I know, I wish it was my imagination, but its sticking out like a sore thumb, and not all of them have it, and its more a bright red than a pink .


----------



## Bowfront

I'm not seeing anything either.
.


----------



## ITALIAN926

Not the ones in the front of the pic, in the back


----------



## ITALIAN926

Delete, this problem is getting worse, will take a better vid tomorrow.
It seems to be developing along the base of my males top fin.


----------



## K5MOW

I don't see it ether.

Roger


----------



## papasmurf

It could possibly be Hemorraghic Septicemia. It is a bacterial blood disease and is very serious and contagious but can be treated (maracyn 1 or 2...can't remember for sure). I had it wipe out about 10 fish in a week's time a few years ago. The mouth area would start to rot away and there would be blood streaks in the fins and the fins would decay shortly afterward....at first I just thought it was damage from fighting. The fish would only have symptoms 2-3 days before passing. If this sounds similar and you see the fish getting worse, and it spreading I would not hesitate to start treating the tank ASAP.


----------



## ITALIAN926

Thanks papa, two of the fish now have pinkish dots on their sides, at first I too thought they may have been nipped, but its looking more and more like Septicemia to me. I call the LFS store for maracyn 2, they say $15.99 over the phone. I get there , and the price is $24.99 for 24 tabs. Screw that., I ordered 2 boxes (48) for $28 on ebay. (Tank is 125 gallons) Seller not too far away, and this seems like its progressing fairly slowly, if it IS even the disease.


----------



## ITALIAN926

Well, my male Socolofi is gone, two days after removing ALL my Socolofi to a hospital tank, in order to treat with Maracyn 2. I have two females who are following his footsteps to fish heaven. It seems like its Septicemia, but who knows. I should have followed my insticts and treated right away. Im so bummed, he was the boss of my tank but never bit anyone. Here is what he looked like ...

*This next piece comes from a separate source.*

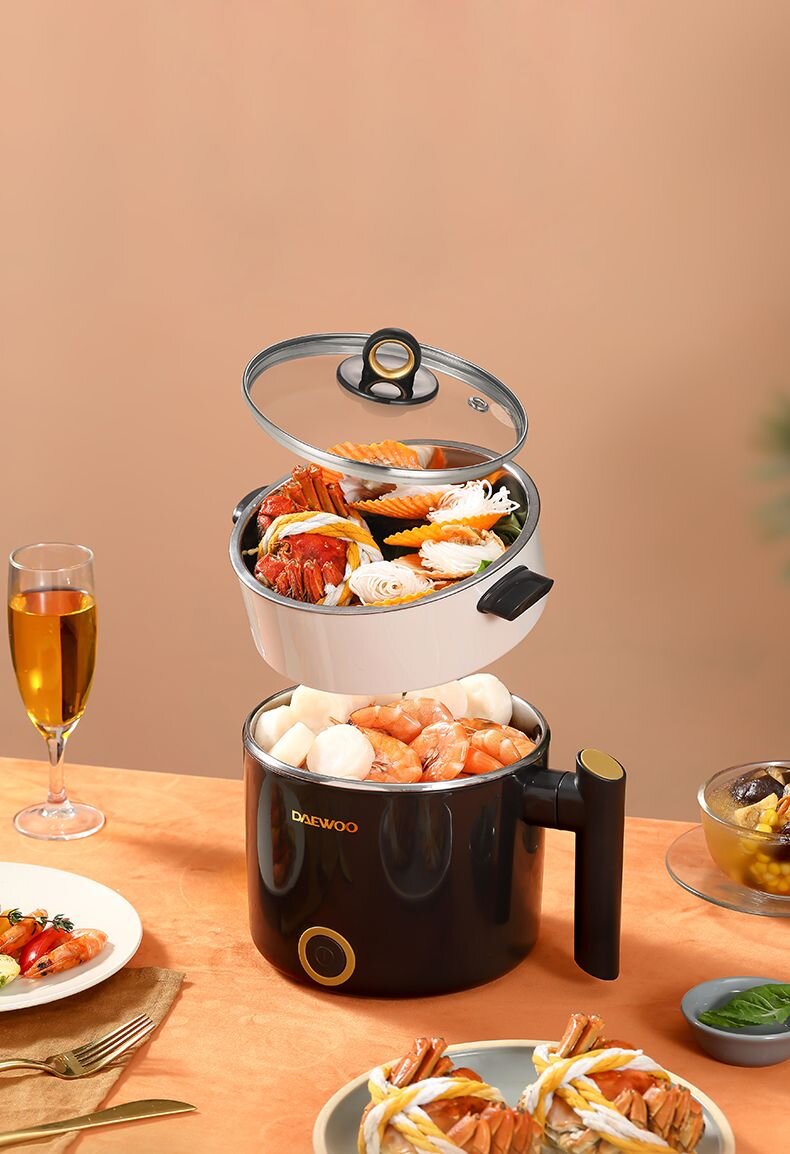 DAEWOO - Double-layer electric cooking pot|Steaming on top and cooking on the bottom|Electric hot pot|Hot pot|One person pot|Fireless cooking DYZM-1266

Anyway, I am soooo worried that my entire tank is infected. If one more fish shows any of these symptoms, Im gonna treat the whole tank, but its gonna cost an arm and a leg to dose a 125 gallon+ sump water.

Recap for future searchers
3 out of 6 Albino Socolofi shows bright red lines where pectoral fins meet body. To me, it was completely obvious, not so much for the first 4 people to reply to this thread. 
2 of the Albino developed a pinkish line where the dorsal fin meets the body.
3 of the 6 then developed pink spots on body, and I noticed red blood spots/streaks on one of my Yellow Labs.
A day later, my male is doing non-stop circles. Scales seem to be protruding and have pink between them. Enough is enough and I moved all of the Albinos and the yellow to a ten gallon hospital, treating with Maracyn 2. Had to separate them by egg crate bc they were attacking each other in such small quarters.
Today, my male is dead, 2 females still have pink/red spots on their sides, I think my yellow might be getting better. I think those 2 females are too far along.

Waiting to see if I lose my entire main tank.

What caused this i will never figure out. I recently moved all fish to the 125 after designing DIY concrete backround. I have quite a few things I added to the tank that are questionable. First signs of symptoms appeared on these fish a couple days after adding fish from 3 different sponsors. Yes, I ordered from 3 different places to be delivered on same day. Ugh.

I still have plenty of Albino Soc Juvies, yellows, and demasoni in separate tanks. Im so glad I didnt put my Multi-cats in the main tank right away.



Hard to see in the pic, but one of the females seems to have bleeding gums. It is bright red all around.


----------



## ITALIAN926

OK, so its been about a month since I lost 5/6 of my adult Albino Socolofi, and I thought it was the end of this strangeness. Today I look at one of my Juvie Acei, hes about 2" and I see *THIS*. Now please, dont reply if all you can contribute is " I dont see anything"

This is exactly how it started with my Socolofi. Red line where pectorals meet body. Its actually duller in the pics, its BRIGHT RED in person. 



Oh well, I have a screwed up situation, and I guess I'll just see if it spreads further, and I'll be breaking down this tank to remove the DIY backround. What the **** else could be causing this, I dont know. Ugh.


----------



## Iggy Newcastle

I'm sure you've scoured the web, but I found some threads that could help. I Googled 'red fin base cichlid. '


----------



## pancakeloach

Sure looks like septicemia to me. I've had an acei with this as well, treated with antibiotics and he recovered; however it was a less virulent strain than your socolofi had. First time I saw it was indeed right after I had added a new group of mail-ordered fish to my tank.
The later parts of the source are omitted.